We also here to help if you get run into issues along the way! The Ed forum is open 24/7 for general discussion about the assignment, lecture topics, the C++ language, using Qt, and more. Always start by searching first to see if your question has already been asked and answered before making a new post.

To troubleshoot a problem with your specific code, your best bet is to bring it to the LaIR helper hours or office hours.

Part One: Enumerations Warmup

This assignment will require you to work with enumerated types in C++, which we have not encountered thus far. They are best illustrated by example. Consider the following C++ code:

enum class StudentType {
    FROSH,           
    SOPHOMORE,          
    JUNIOR,             
    SENIOR,             
    SUPER_SENIOR,       
    COTERM,             
    MS_STUDENT,         
    PHD_STUDENT,
    LAW_STUDENT,
    MED_STUDENT,
    MBA_STUDENT,        
    CGOE_STUDENT        
};                      

This code creates a new type called StudentType. This new type is an enumerated type, in which we "enumerate" all possible values for a StudentType variable. We can create variables of type StudentType and use them as follows:

StudentType abby     = StudentType::FROSH;
StudentType svea     = StudentType::MS_STUDENT;     
StudentType gevork   = StudentType::PHD_STUDENT;
StudentType samali   = StudentType::MED_STUDENT;
StudentType wilfrido = StudentType::CGOE_STUDENT;

You can compare two StudentTypes against one another using the == operator, reassign them using =, etc.
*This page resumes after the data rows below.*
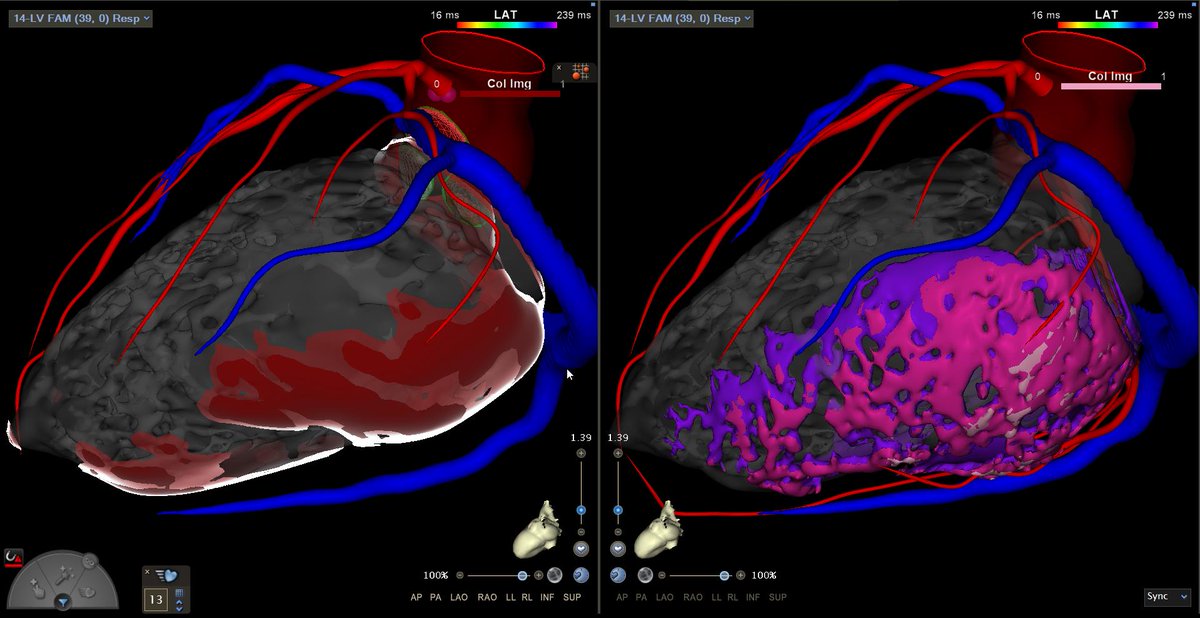 Congratulations to Dr. Demetrio Castillo, MD and Dr. Fergie J. Losiniecki, MD on a successful redo VT ablation! By comparing the #inHEART 3D model with the prior electroanatomical map, target areas were identified with greater precision and efficiency. We're happy to have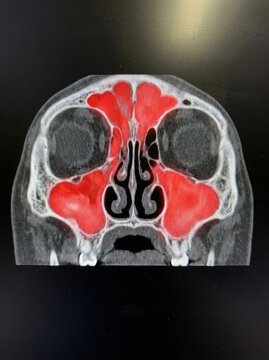 Medical Imaging of Sinuses and Nasal Passages in a CT Scan for Diagnostic Analysis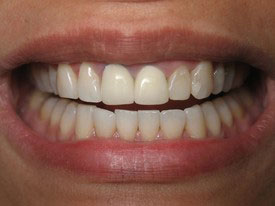 Prosmiles General and Cosmetic Dentistry | Periodontal Treatment, Teeth Whitening and Root Canals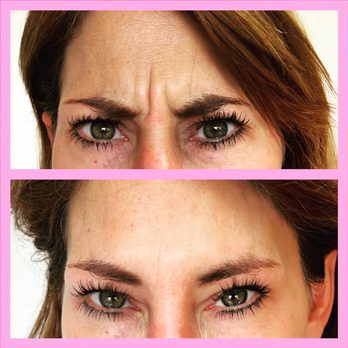 Regenerize Me - Skin Care Near Me - Northville, Michigan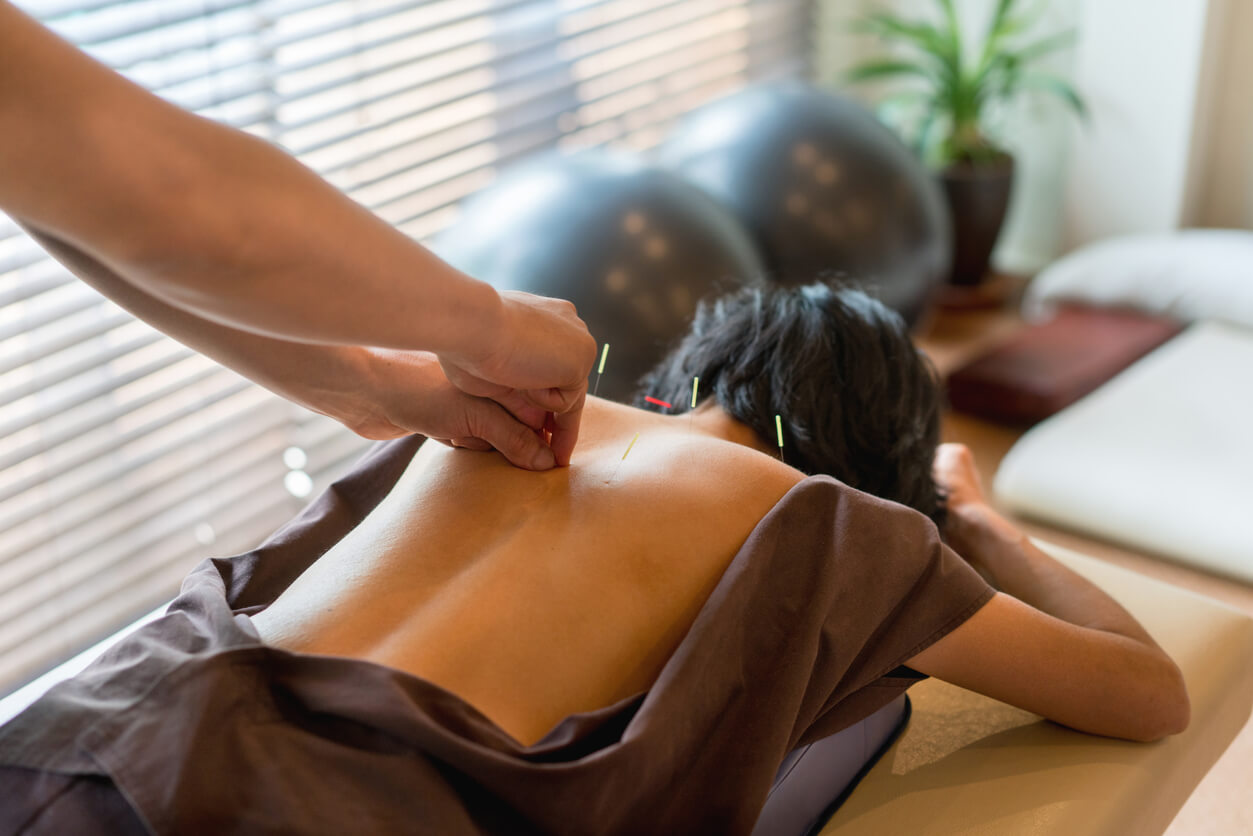 Person receiving acupuncture treatment with needles inserted in the back, in a serene clinic environment, emphasizing holistic healing and wellness.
Enumerated types are useful for remembering one of many mutually exclusive options. You’ll use them in your linear probing hash table to remember whether a slot is empty, full, or a tombstone.

There are no deliverables for this part of the assignment; just make sure you’ve read the above code and understand it. 😃

Part Two: Linear Probing Warmup

The linear probing hash strategy from Friday’s class is different from the style of hash table (chained hashing) we saw on Wednesday. Here’s a few of the differences:

Each slot in a chained hash table is a bucket that can store any number of elements. Each slot in a linear probing table is either empty or holds a single element.
Every element in a chained hash table ends up in the slot corresponding to its hash code. Elements in a linear probing table can leak out of their initial slots and end up elsewhere in the table.
Deletions in a linear probing table use tombstones; deletions in chained hashing don’t require tombstones.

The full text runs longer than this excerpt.